Schedule Frequency Options
- Run After - Create dependency of tasks. The task starts running only upon successful completion of the first task.
- Hourly - Set the start time.
- Daily - Set the start date and time.
- Weekly - Set the day(s) of the week on which to run.
- Monthly - Set the day of the month on which to run a task.
- Quarterly - Set a monthly schedule with an interval of 3 months.
- Half Yearly - Set a monthly schedule with an interval of 6 months.
- Yearly - Set a monthly schedule with an interval of 12 months.
-
Fill the Date and Time field with scheduling times. These fields differ depending upon the scheduling frequency selected.
- Select the Active checkbox to activate the schedule.
- Select Next.
Configuring and Scheduling the Crawler
To configure the crawler:
- Go to Admin > Applications.
- Scroll through the list or use the filter to find the application.
- Select the Edit icon
on the application row.
-
Select Next until you reach the Crawler & Permissions Collector settings page.
Note
The entry fields vary by application type.
Calculate Resource Size - Determine when, or at what frequency, File Access Manager calculates the resources' size. Select one of the following:
- Never
- Always
-
Second crawl and on (this is the default)
You can now schedule a task.
Setting the Crawl Scope
There are several options to set the crawl scope:
- Setting explicit list of resources to include and / or exclude from the scan.
- Creating a regex to define resources to exclude.
Including and Excluding Paths by List
To set the paths to include or exclude in the crawl process for an application:
- Go to Admin > Applications.
- Scroll through the list or use the filter to find the application.
- Select the Edit icon
on the application row.
- Select Next until you reach the Crawler & Permissions Collector settings page.
- Scroll down to the Crawl configuration settings.
- Select Advanced Crawl Scope Configuration to open the scope configuration panel.
- Select Include / Exclude Resources to open the input fields.
- To add a resource to a list, type in the full path to include/exclude in the top field and select + to add it to the list.
- To remove a resource from a list, find the resource from the list and select the x icon on the resource row.
Note
When creating exclusion lists, excludes take precedence over includes.
Excluding Paths by Regex
- Go to Admin > Applications.
- Scroll through the list or use the filter to find the application.
- Select the Edit icon
on the application row.
- Select Next until you reach the Crawler & Permissions Collector settings page.
- Select Exclude Paths by Regex to open the configuration panel.

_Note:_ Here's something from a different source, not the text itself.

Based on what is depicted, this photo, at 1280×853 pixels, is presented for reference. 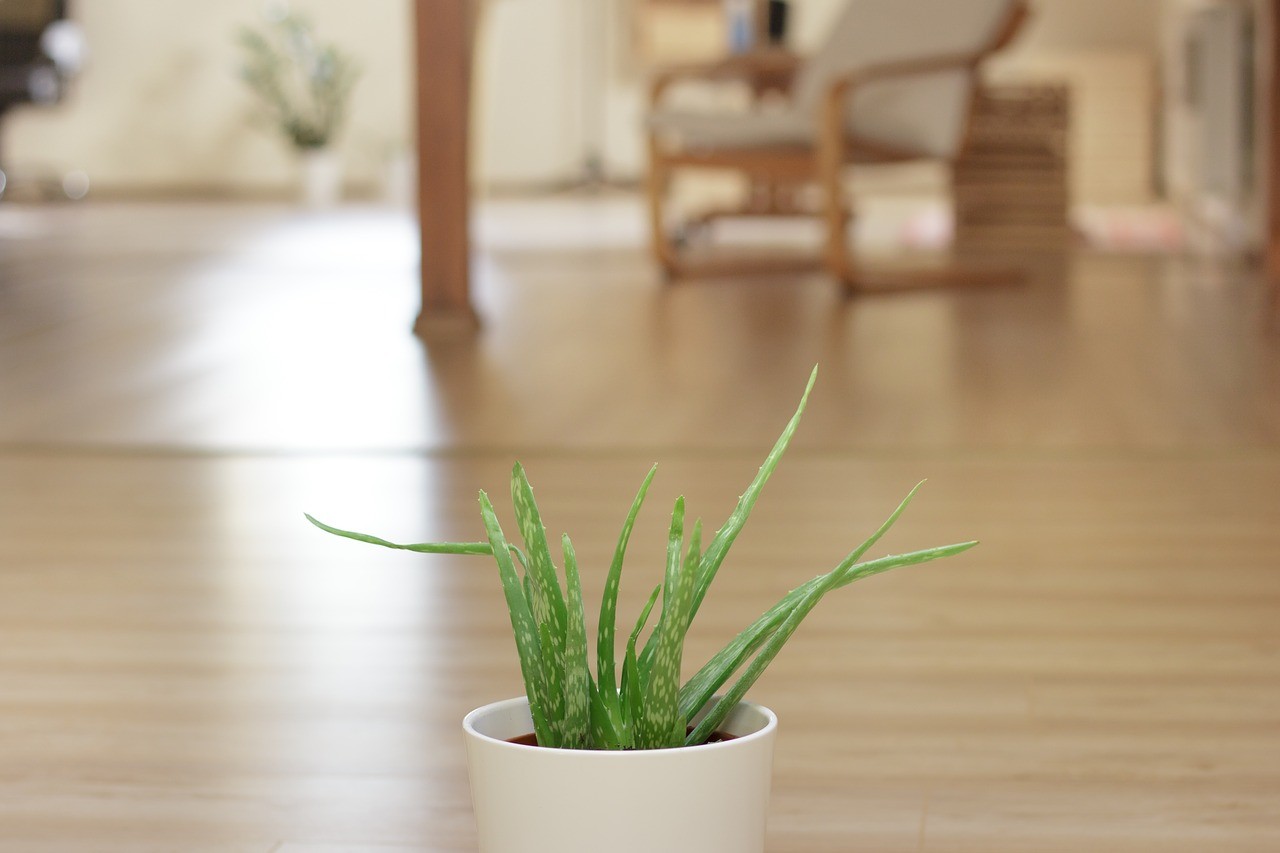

- Type in the paths to exclude by Regex, See regex examples in the section below. Since the system does not collect BRs that match this Regex, it also does not analyze them for permissions.
Crawler Regex Examples
The following are examples of crawler Regex exclusions:
Exclude all resources which start with one or more resource names:
-
Example: Starting with https://www.mysharepoint.com/resourceName
- Regex: https:\/\/www.mysharepoint.com\/resourceName$
-
Example: Starting with https://www.mysharepoint.com\resourceName or //www.mysharepoint.com/OtherResourceName
- Regex: https:\/\/www.mysharepoint.com\/(resourceName|OtherResourceName)$
-
Example: SharePoint resources starting with https://www.mysharepoint.com/sites/mySiteCollection
- Regex: https:\/\/www.mysharepoint.com\/sites\/mySiteCollection$
-
Example: SharePoint resources starting with http://www.mysharepoint.com/sites/mySiteCollection or http://www.mysharepoint.com/other site/Different Site
- Regex: https:\/\/www.mysharepoint.com\/(sites\/mySiteCollection|other_site\/Different_Site)$
Include ONLY resources which start with one or more resources names:
-
Example: ^(?!https:\/\/www.mysharepoint.com\/resourceName($|\/.)).
- Regex: ^(?!https:\/\/www.mysharepoint.com\/resourceName($|\/.)).
-
Example: Starting with https://www.mysharepoint.com/resourceName or https://www.mysharepoint.com/OtherResourceName
- Regex: ^(?!https:\/\/www.mysharepoint.com\/(resourceName|OtherResourceName)($|\/.)).
-
Example: SharePoint resources starting with https://www.mysharepoint.com/sites/mySiteCollection
- Regex: ^(?!https:\/\/www.mysharepoint.com\/sites\/mySiteCollection($|\/.)).
-
Example: SharePoint resources starting with https://www.mysharepoint.com/sites/mySiteCollection or https://www.mysharepoint.com/other site/Different_Site
- Regex: ^(?!https:\/\/www.mysharepoint.com\/(sites\/mySiteCollection|other_ site\/Different_Site)($|\/.)).
Excluding Top-Level Resources
Use the top-level exclusion screen to select top-level roots to exclude from the crawl. This setting is done per application.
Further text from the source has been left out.